THE ANNUAL State of the North report makes a number of constructive points about the future of this region that complement the current debate about rail services.
The IPPR North think-tank wants a clearer focus on quality of life issues nearly five years after George Osborne, the then Chancellor, unveiled the then pioneering Northern Powerhouse agenda.
It wants more policy attention given to the region’s towns and villages – and it backs the transfer of even more devolved powers from the Government to local areas.
Yet, while the Cabinet minister James Brokenshire has now promised to “reflect” on the One Yorkshire devolution agenda that he, and colleagues, have been blocking, much of the impasse stems from the stance taken by Theresa May and her team when she became Prime Minister in July 2016.
Instead of developing the Northern Powerhouse initiative, she allowed her policy chiefs Nick Timothy and Fiona Hill to marginalise this agenda because of grievances with Mr Osborne.

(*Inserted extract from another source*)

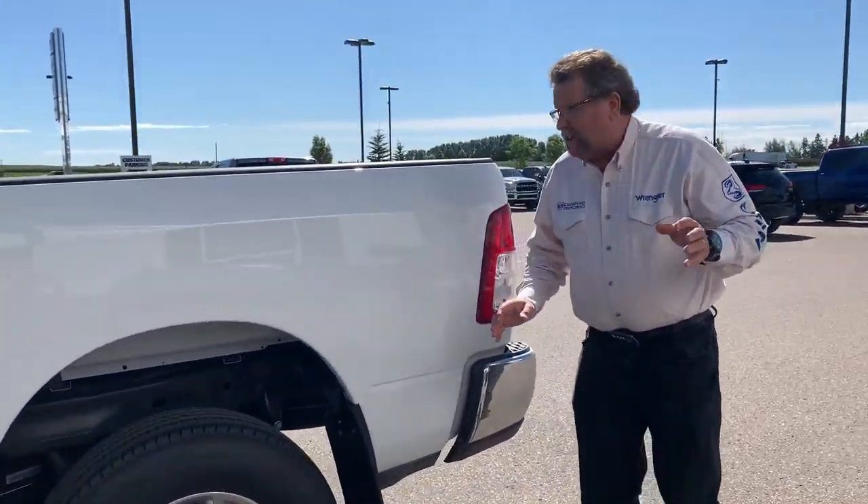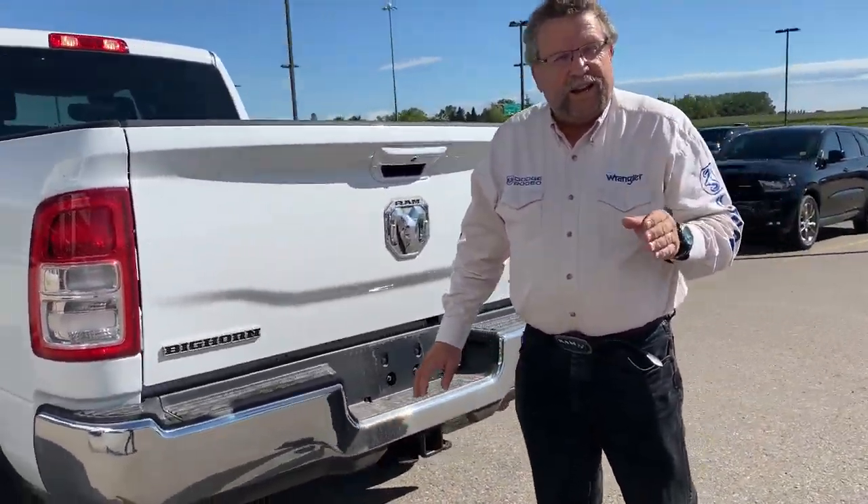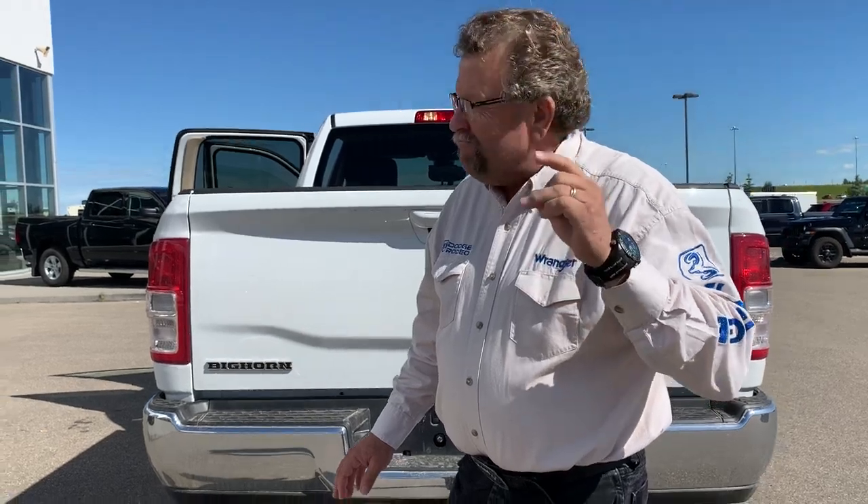This one again, like I said, is a 6.4. It has a backup camera, and if you are doing it for work, guess what — it has a backup alarm, so when your driver backs up, you're not going to worry about hitting people — they'll be able to hear it.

And while Mrs May did offer a commitment of sorts during her calamitous party conference speech in 2017 when she endured a coughing fit, and other mishaps, the Government has become so sidetracked by Brexit that there is no policy momentum or co-ordination.
Until this changes, and The Yorkshire Post has called in the past for a high-profile Northern Powerhouse Minister to be appointed to the Cabinet to fight for this region, then opportunities across the North will continue be squandered – and to the detriment of the rest of the UK.